RAW DATA: Begin

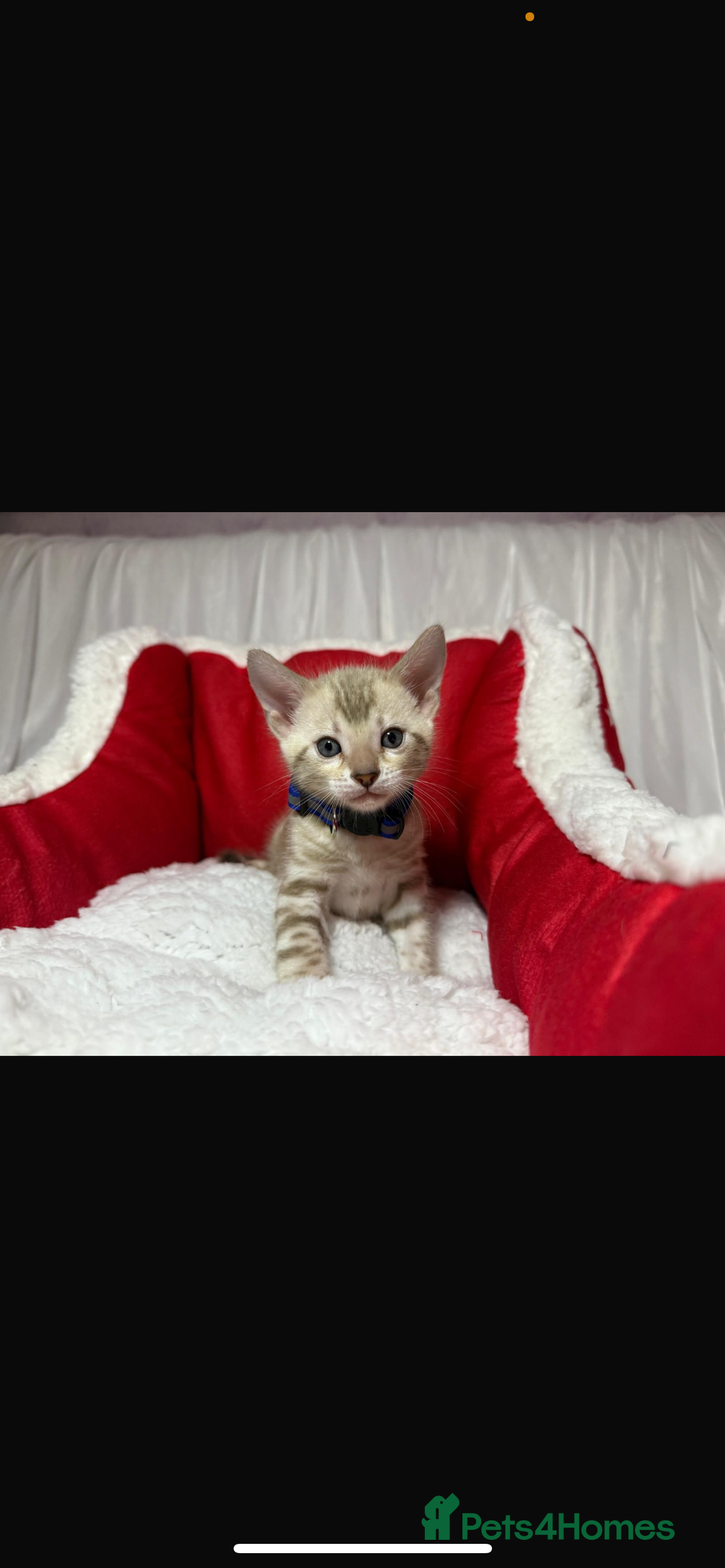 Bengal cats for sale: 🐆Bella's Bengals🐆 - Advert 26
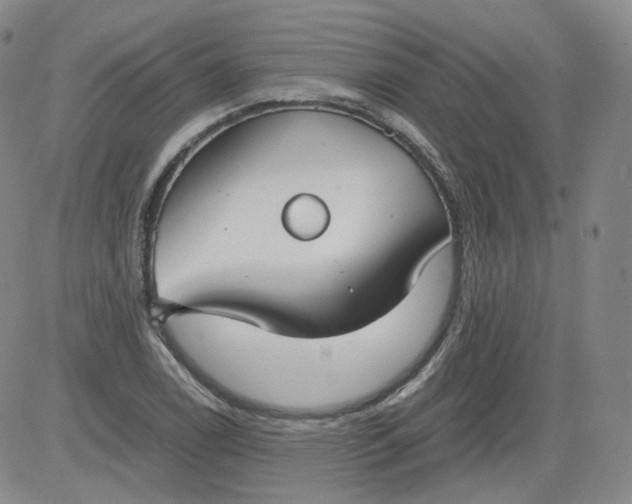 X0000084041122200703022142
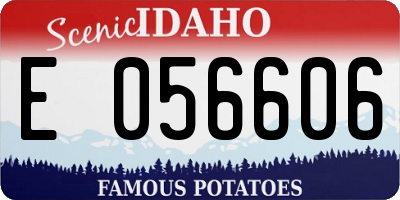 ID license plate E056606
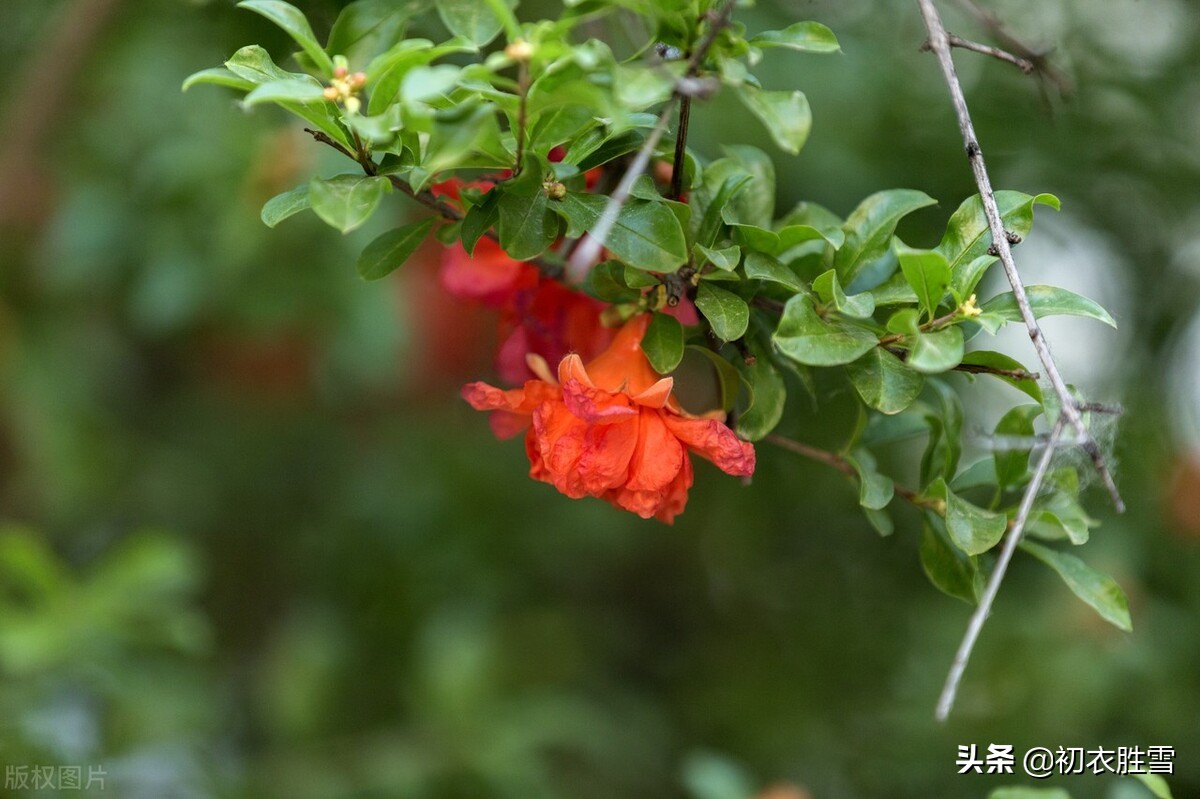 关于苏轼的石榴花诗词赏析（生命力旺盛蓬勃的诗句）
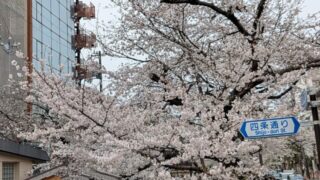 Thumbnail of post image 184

RAW DATA: End

→ **ACTIVITY**
None of the pictures should appear; repeat the records exactly otherwise.

→ **EXERCISE ANSWER**
 Bengal cats for sale: 🐆Bella's Bengals🐆 - Advert 26
 X0000084041122200703022142
 ID license plate E056606
 关于苏轼的石榴花诗词赏析（生命力旺盛蓬勃的诗句）
 Thumbnail of post image 184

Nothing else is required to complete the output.